On Tuesday, Sophos released new research into the stealer-as-a-service, a bolt-on for threat actors to use as an additional tool for data theft and revenue.
In a new campaign tracked by the team, the malware was spread not through spam emails — the usual initial attack vector linked to Raccoon Stealer — but, instead, droppers disguised as installers for cracked and pirated software.
Samples obtained by Sophos revealed that the stealer is being bundled with malware including malicious browser extensions, cryptocurrency miners, the Djvu/Stop consumer ransomware strain, and click-fraud bots targeting YouTube sessions.
Raccoon Stealer is able to monitor for and collect account credentials, cookies, website “autofill” text, and financial information that may be stored on an infected machine.
However, the upgraded stealer also has a “clipper” for cryptocurrency-based theft. Wallets, and their credentials, in particular, are targeted by the QuilClipper tool, as well as Steam-based transaction data.
“QuilClipper steals cryptocurrency and Steam transactions by continuously monitoring the system clipboard of Windows devices it infects, watching for cryptocurrency wallet addresses and Steam trade offers by running clipboard contents through a matrix of regular expressions to identify them,” the researchers noted.

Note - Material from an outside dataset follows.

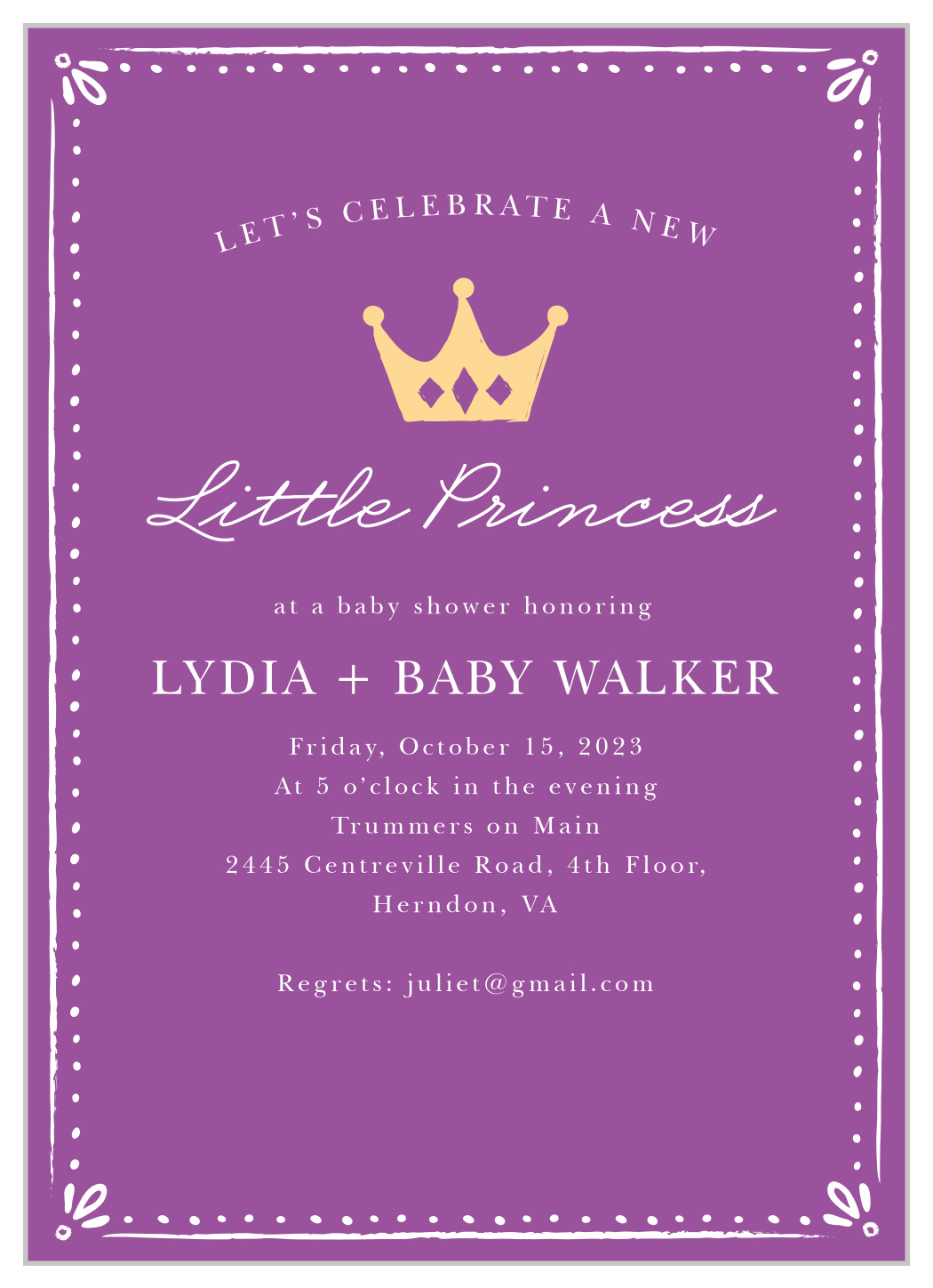 Sweet Princess Baby Shower Invitations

The stealer operates through a Tor-based command-and-control (C2) server to handle data exfiltration and victim management. Each Raccoon executable is tied with a signature specific to each client.
“If a sample of their malware shows up on VirusTotal or other malware sites, they can trace it back to the customer who may have leaked it,” Sophos says.

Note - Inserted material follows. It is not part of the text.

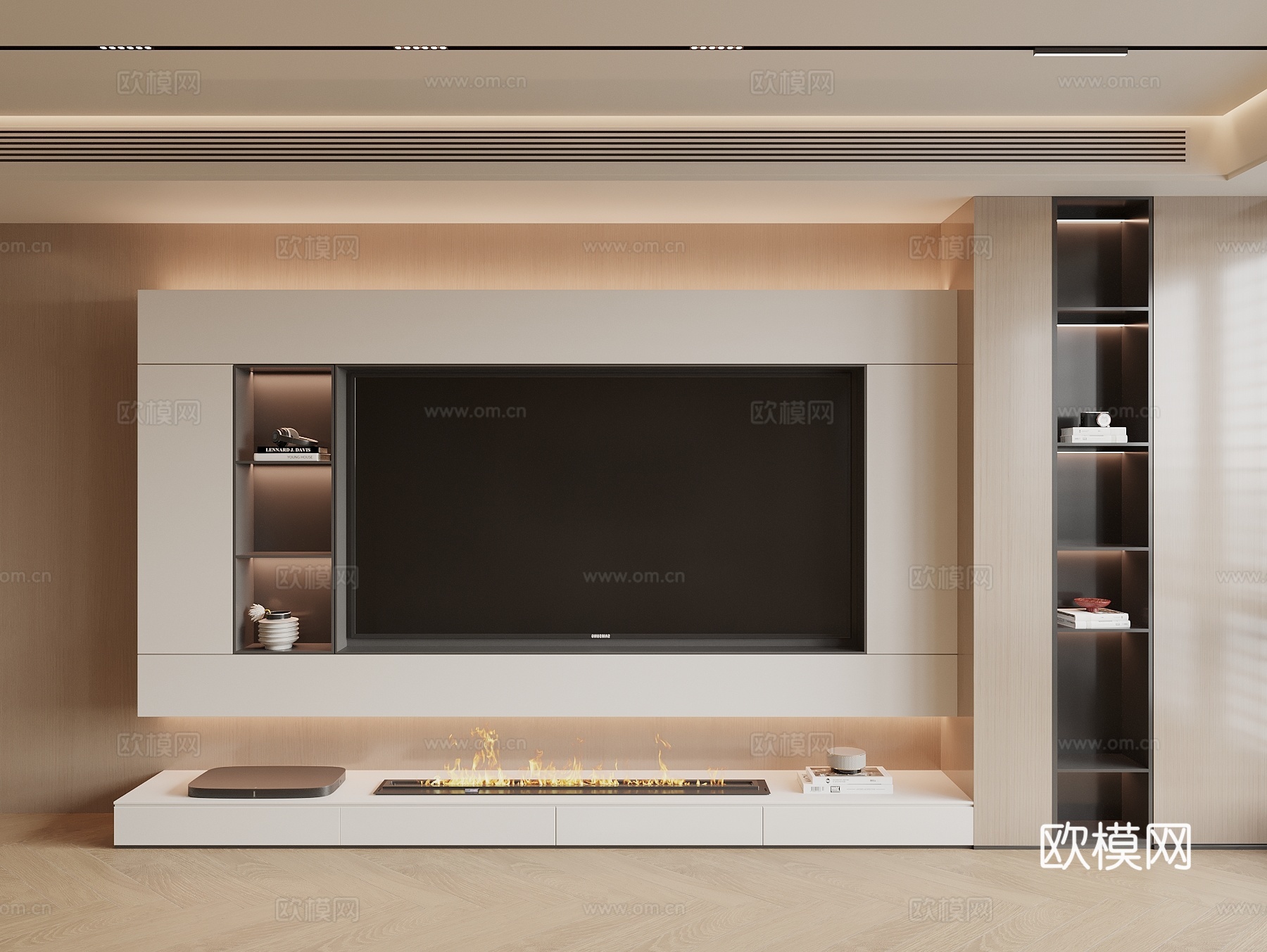 现代电视背景墙 壁炉3d模型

Raccoon is offered as a stealer-for-hire, with the developers behind the malware offering their creation to other cybercriminals for a fee. In return, the malware is frequently updated.
Usually found in Russian underground forums, Raccoon has also been spotted for the last few years in English language forums, too — for as little as $75 for a weekly subscription. According to the researchers, over a six-month period, the malware was used to steal at least $13,000 in cryptocurrency from its victims, and when bundled with miners, a further $2,900 was stolen.
The developer earned roughly $1200 in subscription fees, together with a cut of their user’s proceeds.
“It’s these kinds of economics that make this type of cybercrime so attractive — and pernicious,” Sophos says. “Multiplied over tens or hundreds of individual Raccoon actors, it generates a livelihood for Raccoon’s developers and a host of other supporting malicious service providers that allows them to continue to improve and expand their criminal offerings.”